The next largest deal brings together two competitors. Advanced Medical Optics (NYSE: EYE) is paying $808.0 million in cash for IntraLase (NASDAQ: ILSE), which designs, develops and manufactures ultra-fast laser products for vision correction. This transaction, valued at 6.6x revenue, gives EYE its rival’s blade-free technology, helping to establish it as a global leader in refractive technology. EYE currently holds a 60% market share of the Lasik vision correction market.
The deal offers ILSE shareholders a 12.5% premium over the stock’s prior-day closing price. It had been anticipated because ILSE’s femtosecond laser technology is becoming the standard of care for creating a corneal flap in Lasik surgery. UBS Investment Bank and Goldman Sachs provided financial advice to EYE; Bank of America and JP Morgan provided financial advice to ILSE.
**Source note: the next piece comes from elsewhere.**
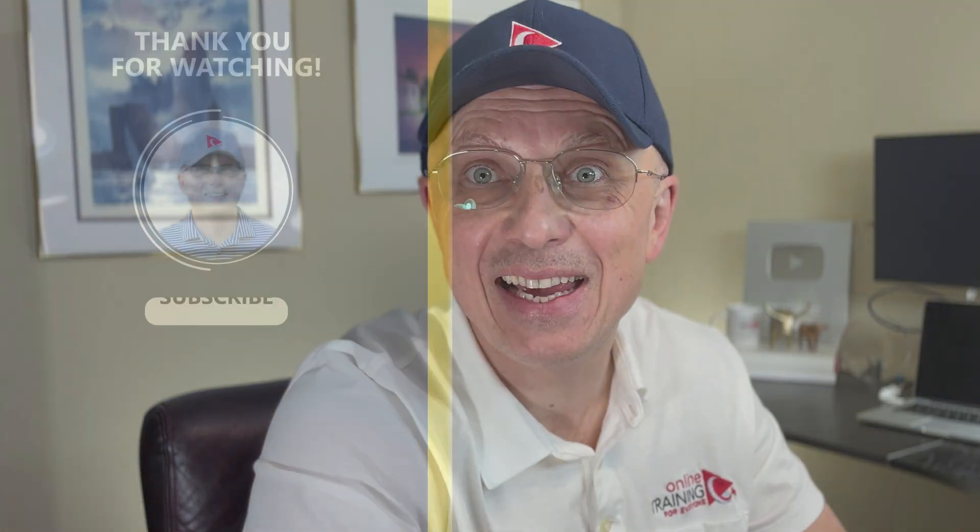If you found this content helpful, don't forget to like, share, and subscribe to online training for everyone. Have a great day.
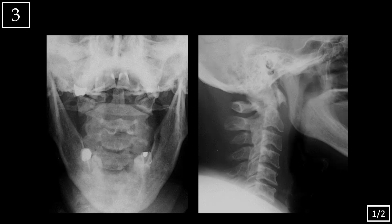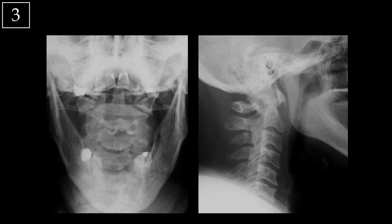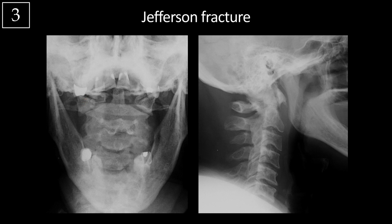Case three. We're looking at a frontal odontoid view of the cervical spine and a lateral view. On the odontoid view, notice how the lateral mass of C1 is displaced laterally relative to the C2 lateral mass. The dens looks intact, but there's disruption of C1, and this is consistent with a Jefferson fracture.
MDS (NYSE: MDZ), the life sciences company, is acquiring Molecular Devices Corp. (NASDAQ: MDCC) for $615.0 million. MDCC provides bioanalytical measurement systems for drug discovery and other life sciences research. This transaction, valued at 3.3x revenue, expands MDZ’s global position as a provider of life science solutions. It also offers MDCC shareholders a 48.7% premium to the stock’s prior-day trading price. The buyer will create a new business unit that combines MDCC and MDZ’s exisiting MDS Sciex division.
Moog (NYSE: MOG.A) is acquiring ZEVEX International (NASDAQ: ZVXI) for $83.8 million in cash. ZVXI distributes pumps and sets that are used to deliver enteral feeding for hospital, nursing home and patient home use. This deal, valued at 2.1x revenue, expands Moog’s home health supply business, annual sales of which are expected to rise to $65.0 million. The purchase price represents a 36% premium to the average trading price of the target’s stock over the past 30 days.
Medtronic (NYSE: MDT) is on the prowl for deals, actively looking outside the United States. The Asia-Pacific region, particularly Japan and China, seems to represent its biggest opportunity for foreign markets. Even so, MDT announced one small domestic deal during January. It is paying up to $41.0 million for certain manufacturing assets for the production of patented ENT sheath products used in ENT procedures from Massachusetts-based Vision Sciences (NASDAQ: VSCI). As part of this transaction, MDT now has the right to distribute, market and sell EndoSheath products on a worldwide basis.